With ABS data, it pays to read the fine print
Check the ABS website, and you’ll find detailed population counts for every local government area LGA in Australia, reported “as of” June 30 for the end of the financial year.
The fastest-growing LGA in the financial year 2024-25 was the Darwin Waterfront Precinct (growing an impressive 9.3% by adding just 30 people), while the biggest decline was in remote Bourke, NSW (down 2.4% from losing 56 people).
But wait—how did the ABS know that? It hasn’t conducted a census since 2021, and postal and housing data don’t tell you how many people live in a particular household. The ABS can get a pretty good picture of the total population of Australia by tracking vital statistics and overseas migration, but how can it tell where people are once they’re in the country?
The short answer is that they can’t. Australia conducts full population censuses every five years. This gives the country more up-to-date population figures than countries like the US and UK, which use ten-year cycles.
But a five-year census is still a five-year census, and the ABS cannot magically determine population statistics for intercensal years. Still, the data monster must be fed, and planning requires best estimates to work from, even if they may not be perfect.
Intercensal ‘data’ at the LGA level is based on a combination of modelling and guesswork. The ABS starts from the most recent census as a baseline, then estimates inter-regional migration using registered Medicare addresses, with ATO tax data as a backup.
So every time your primary care physician asks you “has your address changed since your last visit,” that’s feeding through to ABS regional population estimates.
It’s a good start, but many people fail to update their addresses with Medicare, and nonetheless stay frustratingly well (keeping them out of the doctors’ offices for long periods of time).
If the distribution of people who didn’t keep their records up to date was random, this wouldn’t be a problem. But it’s not. Young people, single people, and manual labourers are less likely to update their addresses—and more likely to be mobile.

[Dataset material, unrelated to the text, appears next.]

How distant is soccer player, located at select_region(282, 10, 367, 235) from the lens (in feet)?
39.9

As a result, Medicare records produce a biased picture of intra-regional mobility.
Even worse, the number one driver of population change in Australia is … temporary migration. International students and working holidaymakers account for around 80% of Australia’s population change at the national level. For many individual LGAs, the proportion is likely be much higher.
And international students and working holidaymakers are not on Medicare. As a result, not only is the net overseas migration component of LGA population change essentially unknown, but the inter-regional migration of temporary migrants within the country is also unknown.
For example, working holidaymakers who want a second year on their visas have to spend 3 months working in regional Australia. Those who want a third year have to spend 6 months in the regions. None of this movement to and from the regions is captured in Medicare data, and it is difficult to track in tax data.
So what’s a data-starved demographer to do? The ABS has chosen to estimate regional overseas migration “by breaking down overseas migrant arrivals and departures at the state level to sub-state areas, using information from the most recent Census.” But the most recent census was conducted in August 2021, at a time when net overseas migration was essentially zero. So instead they turned to patterns from the 2016 census to fill in the gaps.
That’s right. Your 2024-25 regional population estimates are based (in part) on a 2016 census question asking people where they lived one year ago. How much in part? We don’t know.
This is not to criticise the ABS. Their statisticians must do the best they can with the data they have. After all, decisions have to be made based on some estimate of regional populations, and an error-prone estimate is better than no estimate at all.
But ‘expert’ commentators should not be afforded the same clemency. When demographers, economists, and statisticians provide colour commentary for press reports on ABS releases, they should be expected to have read (and understood) the fine print.
Regional population changes are not the only ‘data’ produced annually by the ABS that are not actually based on timely, meaningful, real-world observations. Recent releases on services exports, country of birth, underemployment, and dwelling commencements all require expert interpretation.
Unfortunately, many purported experts are too lazy (or too ignorant) to provide the necessary guidance. Too often what passes for expertise is really just the ability to repeat information from the ABS website.